Entries supplied —
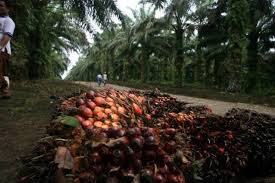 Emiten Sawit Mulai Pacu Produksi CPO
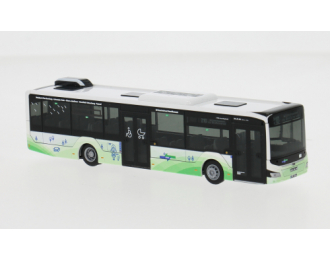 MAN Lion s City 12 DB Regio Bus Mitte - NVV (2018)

...

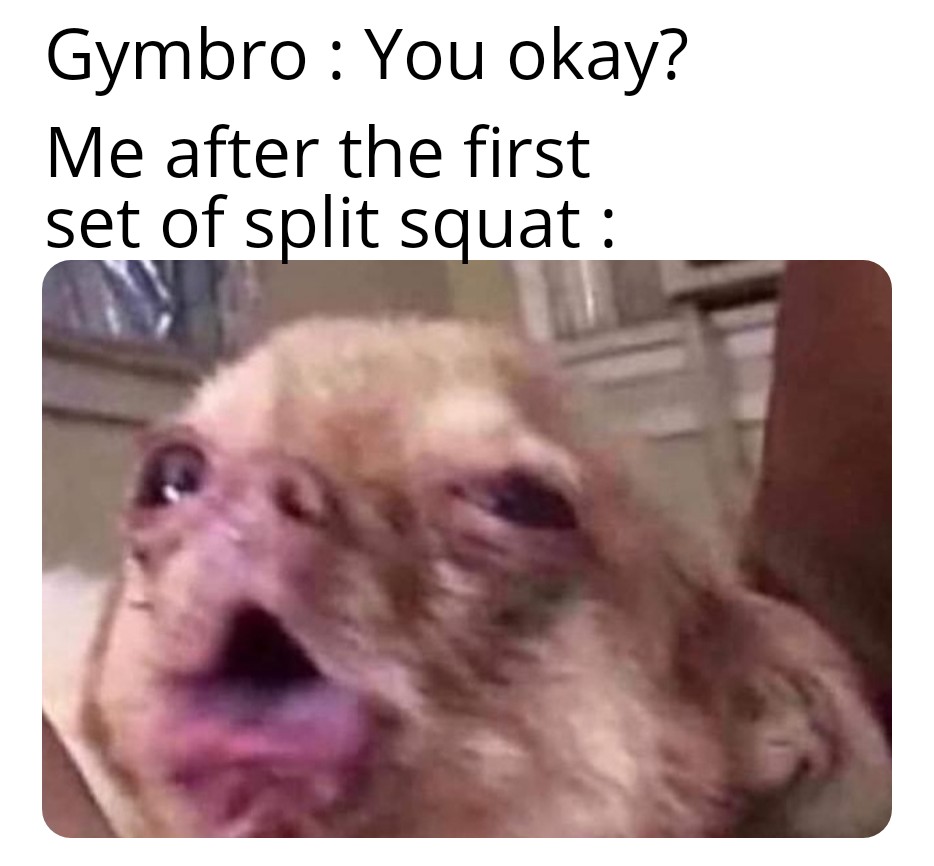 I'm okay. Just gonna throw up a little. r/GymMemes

==

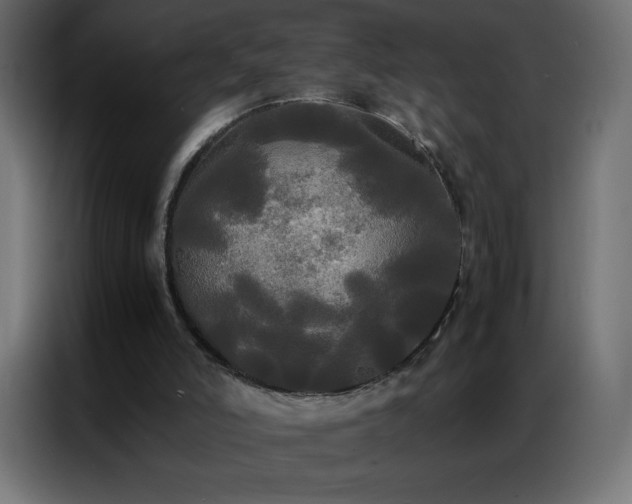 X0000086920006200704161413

What this task involves —
In the records above, copy exactly everything from the line that has "Emiten Sawit Mulai Pacu Produksi CPO" down to the line that has "MAN Lion s City", both ends included, and leave out the pictures.

Exercise answer —
 Emiten Sawit Mulai Pacu Produksi CPO
 MAN Lion s City 12 DB Regio Bus Mitte - NVV (2018)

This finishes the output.